Question about L4 address spaces

Jonathan S. Shapiro shap at eros-os.org
Fri Dec 5 19:38:02 CET 2003


Before sending out anything on the subject of address spaces, I've been
going through everything I could find on how L4 handles them. I now
(finally) understand guarded page tables, and it is *staggering* how
similar these are to EROS nodes -- something that I had assumed must not
be true because of the user-layer map/grant/unmap API. Regrettably, I
was in a very bad state when I first read this work years ago, and I
simply didn't understand it at the time.

For those unfamiliar with EROS, the way to think about EROS nodes is
that they are guarded page tables whose size is fixed at 32 entries, and
whose guard value is defined as:

	0000...000xxxxxxxx

where the number of x's is determined by the size of the subtree
described. If the maximum number of bytes in the described subtree is
2^k, then there will be log2(2^k) == k don't care bits in the guard
value.

EROS chose to keep all nodes (GPTs) the same size, though Norm Hardy and
recently discussed changing this. The main reason for keeping them the
same size has to do with paging them -- it is convenient for all
pageable objects to be of uniform size.

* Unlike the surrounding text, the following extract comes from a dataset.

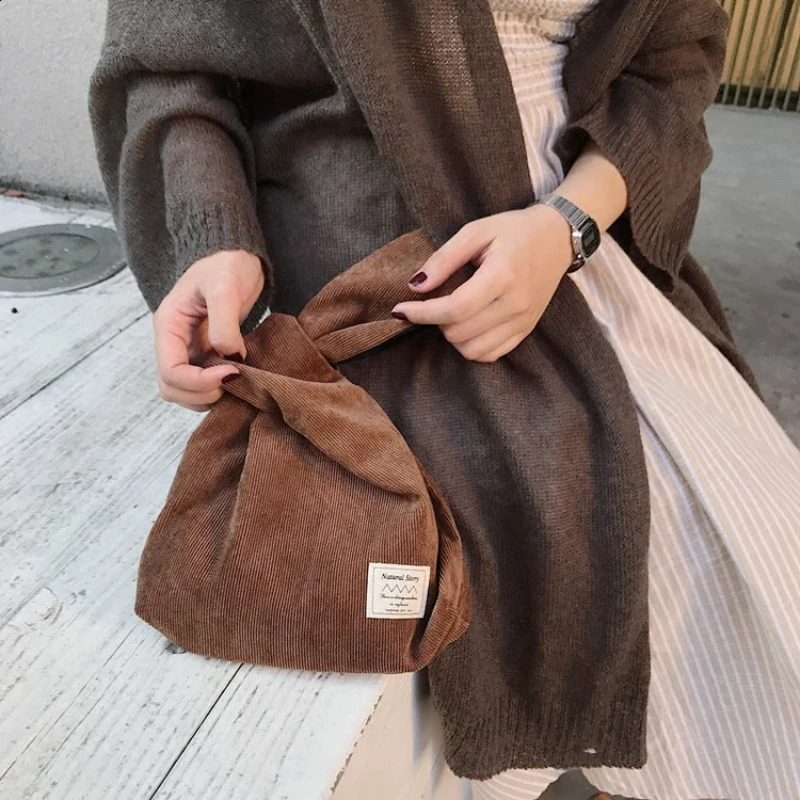 Women Knot Wrist Bag Handmade Corduroy Handbag Japanese Casual Color Wide Stripe Coin Purse Phone Key Storage Tote Pouch 241227
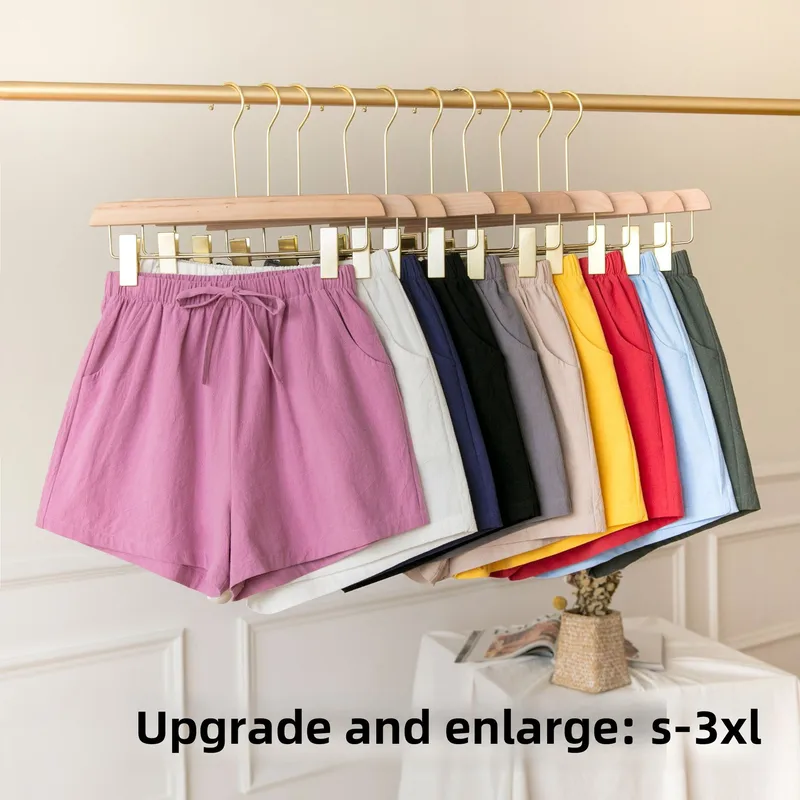 Cotton Linen Shorts Women's  Summer New Loose Sports Casual A-shaped Wide Leg Foreign Trade Chubby Girls Plus Size Shorts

What Norm and I recently noticed
was that this was a restriction on representation size, not on the
logical data structure size -- this last point will make more sense in a
moment.

Note that the EROS guard values are significantly less flexible than
those of L4 -- a problem that I had been looking for a way to fix. The
fact that the guard value is restricted to be all zero's means that the
EROS address space tree favors compression of leftmost legs in the
mapping tree. This is useful for code and data regions, but useless for
stack regions and not as helpful as it could be for other sparsely
allocated regions.  I am not convinced that the EROS mapping structures
have any good place to insert a generalized guard value; I need to think
about this carefully.

The EROS wrapper node serves double duty, taking on both the role of the
"alias" GPT type and also something very similar to the
"call-on-reference" GPT type. EROS wrappers provide "call-on-exception"
rather than "call-on-reference". The call-on-exception node translates
no bits, but contains a pointer to a contained GPT that *may* translate
bits. This allows a partially populated space to behave as a normal
space in those regions where it is defined, but fall back to a process
where the underlying space is NOT defined. A similar effect can be
achieved in L4 by expanding a call-on-reference node recursively as
subregions are populated, but this is not exactly the same -- there is a
hierarchy of exception types (invalid -> read-only -> read-write), and
one would like to be able to invoke the exception handler for each. My
provisional belief is that the call-on-exception design is strictly more
general, but that the conceptual difference is quite minor.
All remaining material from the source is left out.